Vu la procédure suivante :
Procédure contentieuse antérieure :
La SARL Domaine de la Palombière a demandé au tribunal administratif de Nice :
- par une première demande, d'annuler l'arrêté du 19 août 2016 par lequel le maire de la commune de Saint-Jeannet a prononcé la fermeture de l'établissement d'hébergement pour personnes âgées dépendantes (EHPAD) " La Palombière " ;
- par une deuxième demande, d'annuler la décision du 2 septembre 2016 par laquelle le maire de la commune de Saint-Jeannet a indiqué maintenir l'arrêté du 19 août 2016 décidant la fermeture de l'EHPAD " La Palombière ", d'enjoindre au maire d'abroger cet arrêté et d'autoriser la réouverture de l'établissement, dans un délai de cinq jours à compter de la notification du jugement à intervenir et sous astreinte de 100 euros par jour de retard ;
- par une troisième demande, d'annuler l'arrêté du 20 août 2016 par lequel le préfet des Alpes-Maritimes a prononcé la fermeture de l'EHPAD " La Palombière ".
Par un jugement n° 1603660, 1604695, 1603655 du 8 janvier 2019, le tribunal administratif de Nice a joint ces trois demandes et les a rejetées.

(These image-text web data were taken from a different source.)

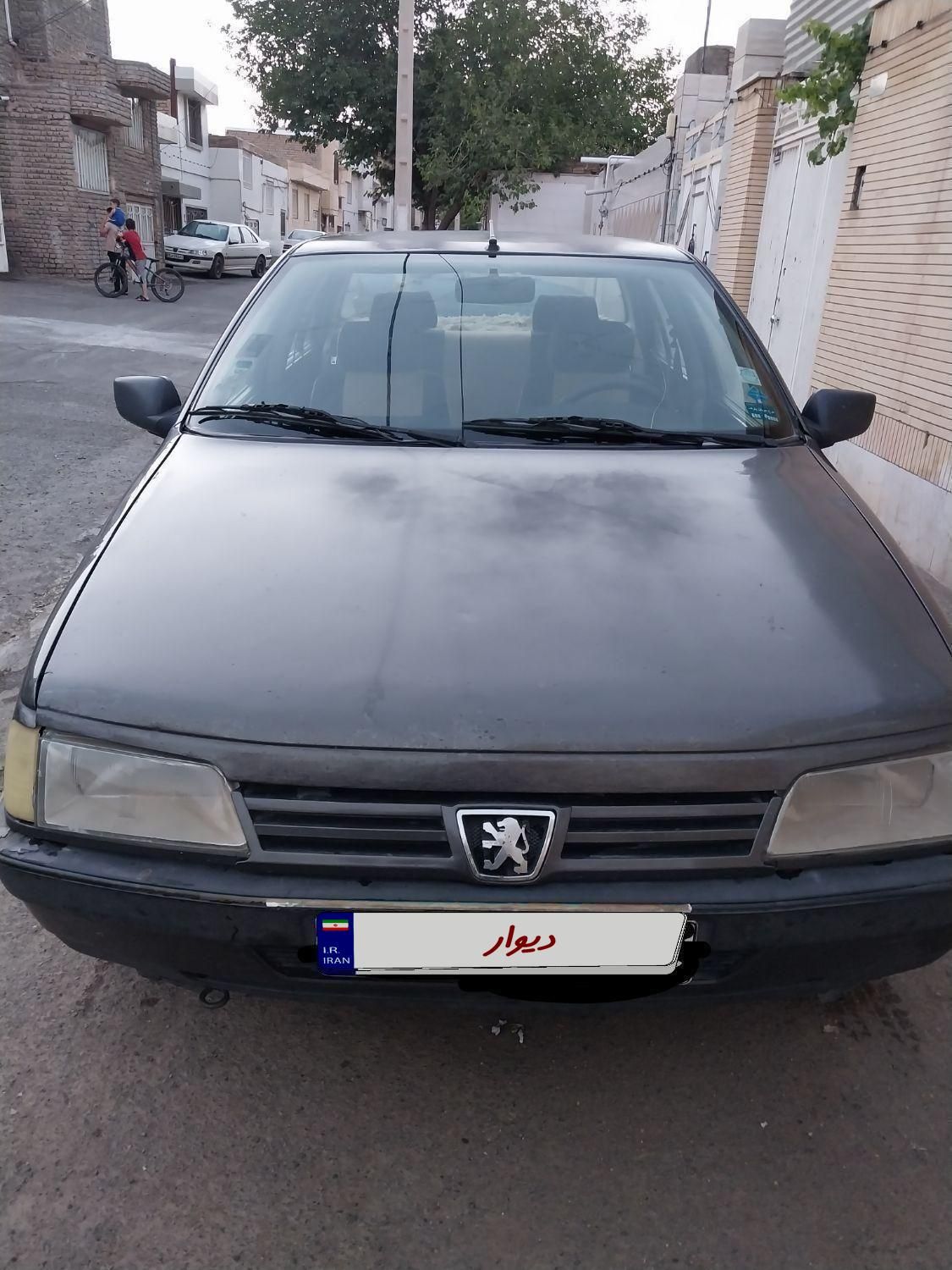 پژو 405 GLX - 1383
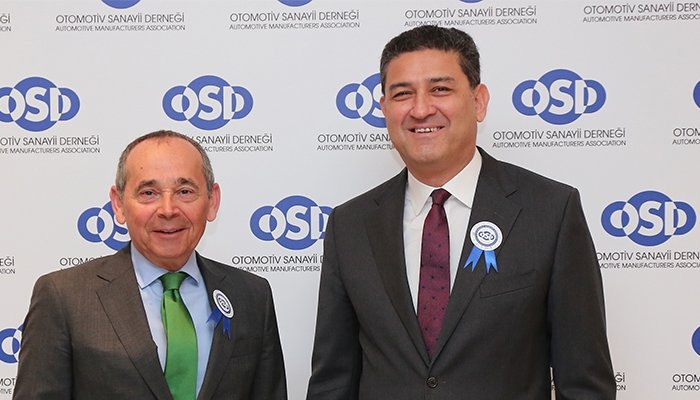 OSD'nin yeni başkanı Haydar Yenigün oldu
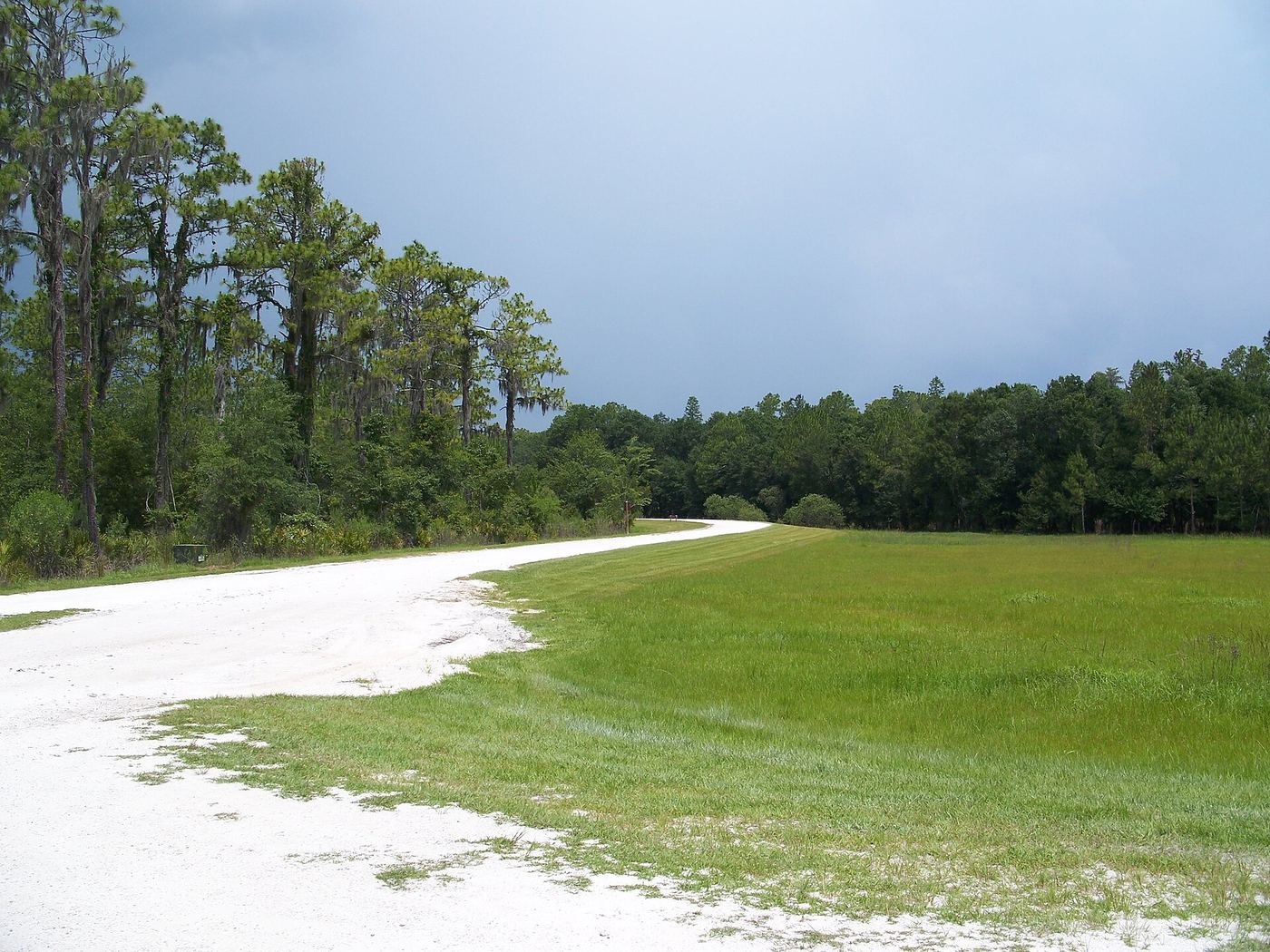 Colt Creek State Park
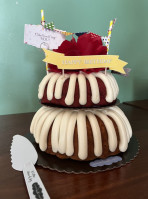 Nothing Bundt Cakes food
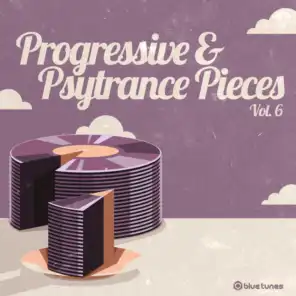 Progressive & Psy Trance Pieces, Vol. 6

Procédure devant la Cour :
Par une requête et des mémoires, enregistrés le 14 mars 2019, le 18 janvier 2020, le 11 mars 2020, le 27 juillet 2020 et le 31 juillet 2020, la SARL Domaine de la Palombière, représentée par Me C..., demande à la cour :
1°) d'annuler ce jugement du tribunal administratif de Nice du 8 janvier 2019 ;
2°) d'annuler l'arrêté du maire de la commune de Saint-Jeannet du 19 août 2016, la décision de cette autorité du 2 septembre 2016 et l'arrêté du préfet des Alpes-Maritimes du 20 août 2016 ;
3°) de mettre à la charge de la commune de Saint-Jeannet et l'Etat la somme de 3 000 euros chacun en application des dispositions de l'article L. 761-1 du code de justice administrative.
Elle soutient que :
- les décisions contestées sont entachées de vices d'incompétence ;
- elles sont entachées d'un vice de procédure ;
- elles sont entachées d'une erreur de fait et d'une erreur d'appréciation ;
- la mesure de police est disproportionnée ;
- les décisions sont entachées d'un détournement de pouvoir.

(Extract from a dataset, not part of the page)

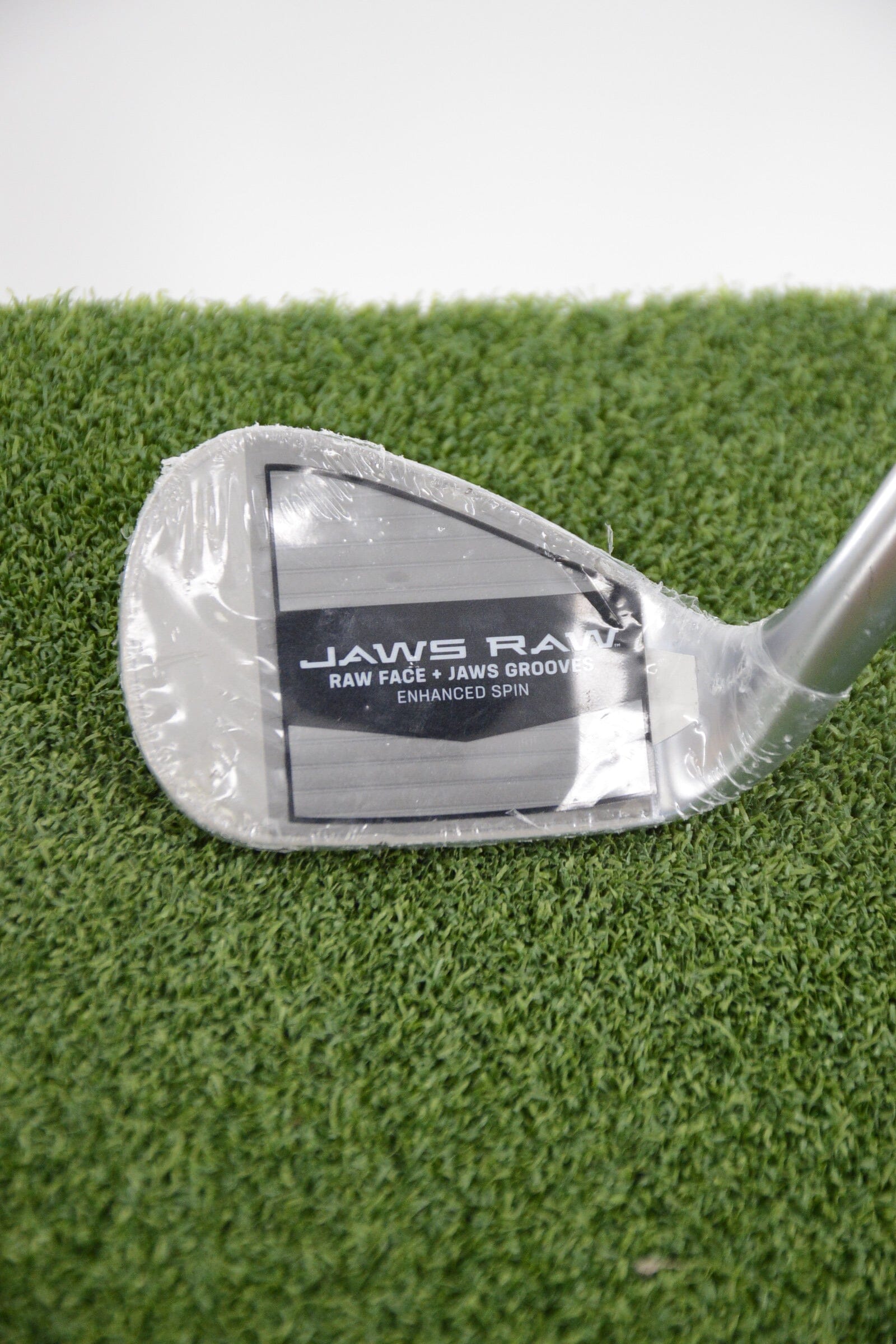 NEW Callaway Jaws Raw 58 Degree Wedge Wedge Flex 34.5" Golf Clubs GolfRoots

Par des mémoires en défense, enregistrés le 27 août 2019 et le 7 février 2020, la commune de Saint-Jeannet, représentée par Me A..., conclut au rejet de la requête et à ce qu'il soit mis à la charge de la SARL Domaine de la Palombière la somme de 3 000 euros au titre de l'article L. 761-1 du code de justice administrative.
Elle soutient que :
- les moyens soulevés par la SARL Domaine de la Palombière ne sont pas fondés ;
- à défaut, il y a lieu de procéder à une substitution de base légale entre les dispositions des articles L. 111-8-3, R. 111-19-11 et R. 123-46 et celles de l'article L. 123-4 du code de la construction et de l'habitation.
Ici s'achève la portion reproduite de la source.